New Thiazolidine-4-Carboxylic Acid Derivatives Act as Promising α-Amylase and α-Glucosidase Inhibitors; Synthesis, In Vitro Pharmacological Evaluation and In Silico Molecular Docking Study

Muhammad Nouman  Arif; Ahmed Sadiq Sheikh; Ihsan Shah; Tariq Javed; Jannat Fatima; Yarfa Khurram; Iffat Ullah; Kainaat Naveed; Zareen Mallal; Muhammad Sufyan; Muhammad Tariq Khan; Rashid Ali Khan

Authors

Muhammad Nouman Arif Department of Pharmacy and Allied Sciences, Iqra University Islamabad
Ahmed Sadiq Sheikh Department of Pharmacy, MY University Islamabad
Ihsan Shah Margalla College of Pharmacy, Margalla Institute of Health Sciences, Rawalpindi
Tariq Javed Margalla College of Pharmacy, Margalla Institute of Health Sciences, Rawalpindi
Jannat Fatima Department of Pharmacy, University of Lahore
Yarfa Khurram Riphah Institute of Pharmaceutical Sciences, Riphah International University Islamabad
Iffat Ullah Faculty of Pharmaceutical Sciences Prince of Songkla University, Hatyai
Kainaat Naveed Riphah Institute of Pharmaceutical Sciences, Riphah International University Islamabad
Zareen Mallal Tuwaiq Medical Complex, Riyadh
Muhammad Sufyan Biorex Pharmaceuticals Islamabad
Muhammad Tariq Khan Department of Pharmacy, Quaid-e-Azam University Islamabad
Rashid Ali Khan Shifa College of Pharmaceutical Sciences, Shifa Tameer-e-Millat University, Islamabad

Keywords:

Thiazolidine-4-Carboxylic Acid, Synthesis, SAR, Alpha-amylase, Docking study, Alpha-glucosidase

Abstract

The management of diabetes presents difficulties to scientists as this deadly condition continues to affect people worldwide.

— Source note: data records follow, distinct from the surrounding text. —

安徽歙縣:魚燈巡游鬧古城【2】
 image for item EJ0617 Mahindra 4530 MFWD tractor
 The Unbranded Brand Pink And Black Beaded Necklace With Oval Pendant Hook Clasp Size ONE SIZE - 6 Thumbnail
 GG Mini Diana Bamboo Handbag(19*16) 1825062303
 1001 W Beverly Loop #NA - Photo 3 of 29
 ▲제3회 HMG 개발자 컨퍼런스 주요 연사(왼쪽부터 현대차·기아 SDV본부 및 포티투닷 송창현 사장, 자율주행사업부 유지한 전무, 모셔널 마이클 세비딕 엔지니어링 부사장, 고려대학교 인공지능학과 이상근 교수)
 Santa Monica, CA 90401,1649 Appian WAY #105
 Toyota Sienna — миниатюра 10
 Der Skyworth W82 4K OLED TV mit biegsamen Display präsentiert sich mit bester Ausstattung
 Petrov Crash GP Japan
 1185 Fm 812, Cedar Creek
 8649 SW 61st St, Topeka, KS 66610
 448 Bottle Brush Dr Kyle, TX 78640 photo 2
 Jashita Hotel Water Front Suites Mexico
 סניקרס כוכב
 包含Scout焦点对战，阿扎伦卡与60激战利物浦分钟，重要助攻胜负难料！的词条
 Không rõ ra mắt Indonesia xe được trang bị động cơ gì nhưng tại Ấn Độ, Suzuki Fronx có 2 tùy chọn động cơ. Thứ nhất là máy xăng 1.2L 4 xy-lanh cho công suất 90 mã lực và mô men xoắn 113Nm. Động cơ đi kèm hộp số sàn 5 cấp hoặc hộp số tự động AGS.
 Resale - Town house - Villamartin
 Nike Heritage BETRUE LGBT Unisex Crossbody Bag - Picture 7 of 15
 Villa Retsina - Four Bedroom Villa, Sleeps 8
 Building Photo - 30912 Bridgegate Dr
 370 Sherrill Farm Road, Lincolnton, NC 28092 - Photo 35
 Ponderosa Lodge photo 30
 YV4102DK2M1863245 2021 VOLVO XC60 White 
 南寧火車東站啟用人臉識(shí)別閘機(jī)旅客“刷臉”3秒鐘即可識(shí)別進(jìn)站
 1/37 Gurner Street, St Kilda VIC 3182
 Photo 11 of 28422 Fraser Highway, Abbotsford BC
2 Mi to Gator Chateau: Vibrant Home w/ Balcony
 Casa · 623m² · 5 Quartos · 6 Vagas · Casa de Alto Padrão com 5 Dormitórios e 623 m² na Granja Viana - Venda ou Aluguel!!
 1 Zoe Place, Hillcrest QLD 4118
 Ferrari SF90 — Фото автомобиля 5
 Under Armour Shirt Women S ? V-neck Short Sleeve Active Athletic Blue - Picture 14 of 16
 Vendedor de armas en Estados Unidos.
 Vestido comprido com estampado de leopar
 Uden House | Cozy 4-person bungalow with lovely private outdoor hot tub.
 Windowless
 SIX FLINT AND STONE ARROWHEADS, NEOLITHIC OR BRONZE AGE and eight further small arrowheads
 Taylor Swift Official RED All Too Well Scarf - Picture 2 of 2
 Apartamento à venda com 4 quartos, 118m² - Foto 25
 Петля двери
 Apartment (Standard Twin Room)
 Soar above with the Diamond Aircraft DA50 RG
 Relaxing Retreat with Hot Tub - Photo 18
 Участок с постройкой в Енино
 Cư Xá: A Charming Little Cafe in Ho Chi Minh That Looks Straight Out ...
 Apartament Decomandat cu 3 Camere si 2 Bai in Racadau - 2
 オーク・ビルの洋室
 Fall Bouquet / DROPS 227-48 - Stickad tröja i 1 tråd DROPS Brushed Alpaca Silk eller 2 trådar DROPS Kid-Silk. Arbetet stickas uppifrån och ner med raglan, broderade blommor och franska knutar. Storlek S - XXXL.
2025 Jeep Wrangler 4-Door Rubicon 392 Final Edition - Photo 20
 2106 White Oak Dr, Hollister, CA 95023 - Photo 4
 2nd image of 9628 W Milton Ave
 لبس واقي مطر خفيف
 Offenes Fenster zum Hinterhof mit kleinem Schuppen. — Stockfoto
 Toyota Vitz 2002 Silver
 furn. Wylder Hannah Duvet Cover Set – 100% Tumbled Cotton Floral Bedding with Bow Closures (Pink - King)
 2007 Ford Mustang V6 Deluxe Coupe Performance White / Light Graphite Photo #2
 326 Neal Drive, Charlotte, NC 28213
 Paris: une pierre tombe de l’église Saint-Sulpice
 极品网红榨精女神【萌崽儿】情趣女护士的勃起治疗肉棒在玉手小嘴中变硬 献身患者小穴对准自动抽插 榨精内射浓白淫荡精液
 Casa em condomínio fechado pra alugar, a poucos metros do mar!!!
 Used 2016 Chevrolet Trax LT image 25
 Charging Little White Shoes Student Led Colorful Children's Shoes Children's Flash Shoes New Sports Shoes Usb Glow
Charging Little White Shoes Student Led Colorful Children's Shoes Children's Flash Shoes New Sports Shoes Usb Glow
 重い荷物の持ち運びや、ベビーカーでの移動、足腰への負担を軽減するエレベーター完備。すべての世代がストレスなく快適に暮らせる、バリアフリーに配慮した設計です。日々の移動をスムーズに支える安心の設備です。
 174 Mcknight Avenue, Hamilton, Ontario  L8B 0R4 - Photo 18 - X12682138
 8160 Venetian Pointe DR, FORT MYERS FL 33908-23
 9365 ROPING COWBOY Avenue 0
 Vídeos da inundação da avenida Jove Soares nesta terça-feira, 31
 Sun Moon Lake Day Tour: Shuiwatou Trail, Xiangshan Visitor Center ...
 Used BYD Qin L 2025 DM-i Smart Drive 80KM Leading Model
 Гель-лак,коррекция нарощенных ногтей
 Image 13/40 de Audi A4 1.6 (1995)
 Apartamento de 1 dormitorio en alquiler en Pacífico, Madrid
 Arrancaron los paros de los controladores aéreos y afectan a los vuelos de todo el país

Diabetes control depends on enzyme inhibition which blocks both α-amylase and α-glucosidase play key roles in the breakdown of carbohydrates after meals.The presented study details potent Thiazolidine-4-Carboxylic Acid Derivatives 5(a-l) which exhibit strong inhibition against α-amylase and α-glucosidase. The bio-assays performed in test tubes showed that these compounds could prevent biological effects. The phenyl ring substituents served as the main focus of a structure-activity relationship analysis performed on all synthesized molecules. Molecular docking studies served to determine how the compounds would bind when placed inside the enzyme active pocket.Compound 5e proved its outstanding potential as a α-amylase inhibitor because its IC50 value reached 24.13µg/ml which surpassed the standard acarbose (IC50=32.27µg/ml). The inhibitory properties of compounds 5f and 5g towards α-glucosidase surpassed acarbose reference levels (IC50=30.45µg/ml) with 22.76 and 25.68 µg/ml IC50 values. The reference inhibitor matched suppression levels of the tested compounds 5a, 5b, 5c, and 5d as these compounds displayed strong inhibitory potential against α-amylase as well as against α-glucosidase enzymes.These designed derivatives show effective potential characteristics which can serve as starting compounds to develop forthcoming therapeutic intervention solutions.